Omit the pictures. Transcribe exactly the lines below, from the one with "Hotel Golden Oak 3*" up to and including the last.

Extracted data entries:
-------

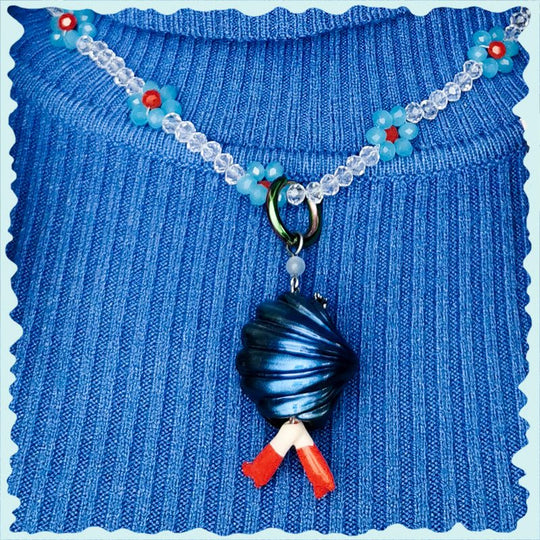 Fairy mini shy clam necklace and earring set in classic blue and red colors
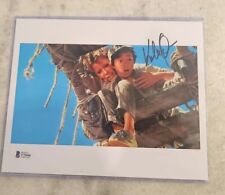 Ke Huy Jonathan Ke Quan Signed 8 x 10 Color Photo Indiana Jones Pose BECKETT  picture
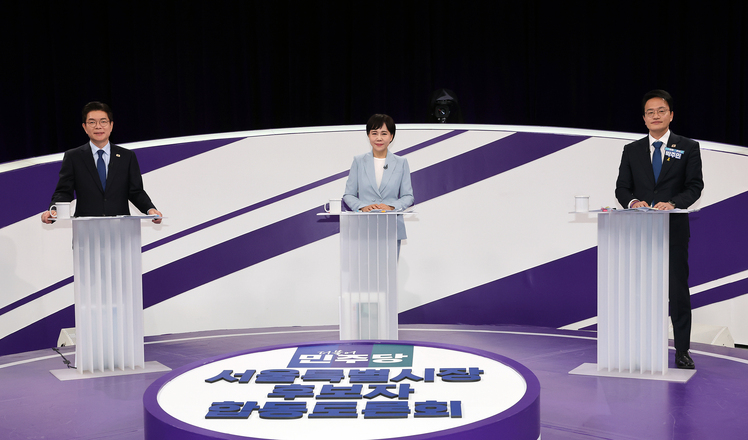 더불어민주당 정원오(왼쪽부터), 전현희, 박주민 서울시장 예비후보가 3월 31일 서울 마포구 상암동 MBC 신사옥에서 열린 더불어민주당 서울시장 후보자 본경선 합동토론회에서 토론 준비를 하고 있다. /국회사진기자단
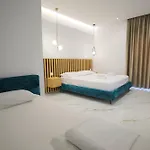 Hotel Golden Oak 3*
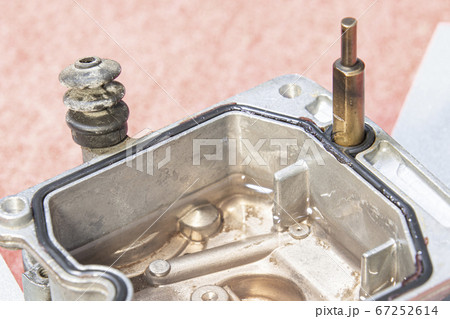 キャブレター 加速ポンプノズル ブーツの写真素材 [67252614] - PIXTA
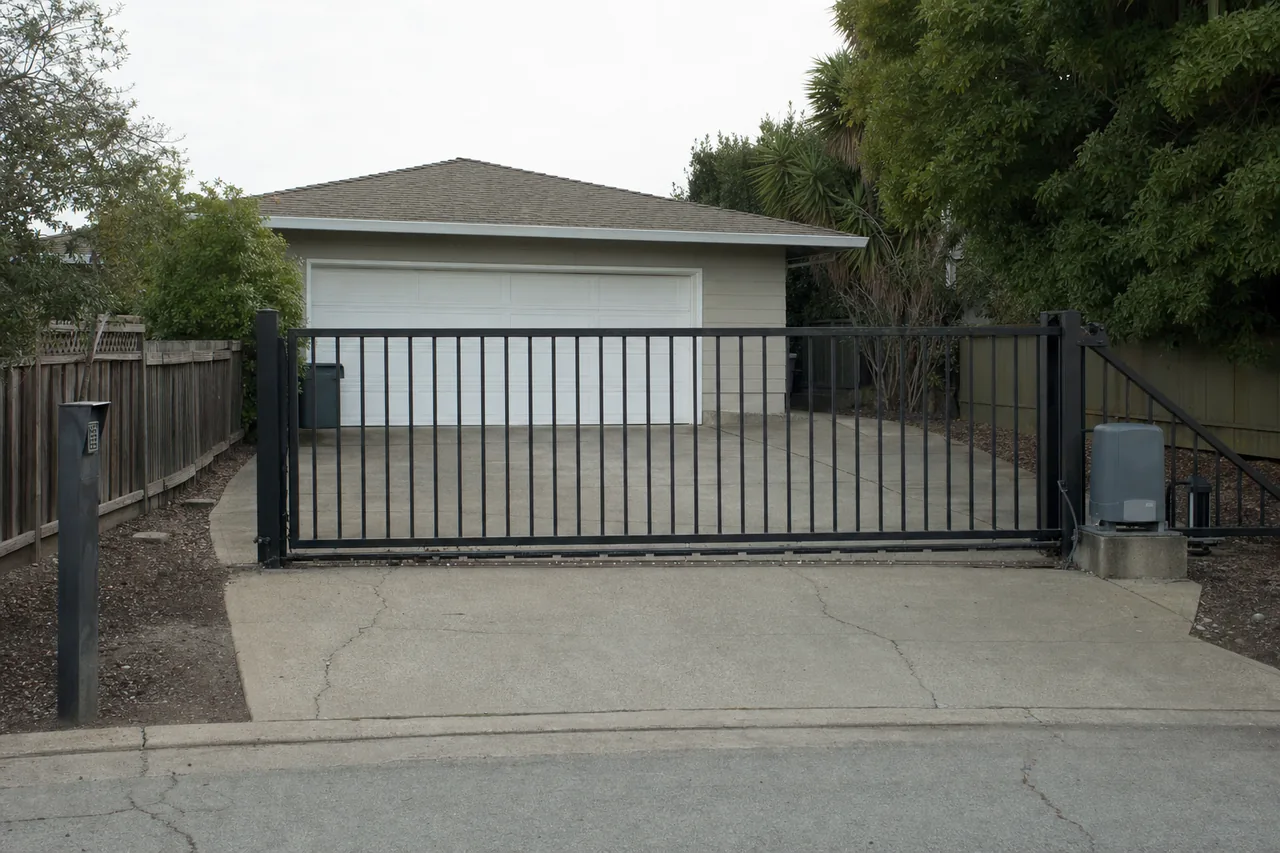 Driveway gate and operator in Springfield, MO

-------

» **ANSWER FOR THIS EXERCISE**
 Hotel Golden Oak 3*
 キャブレター 加速ポンプノズル ブーツの写真素材 [67252614] - PIXTA
 Driveway gate and operator in Springfield, MO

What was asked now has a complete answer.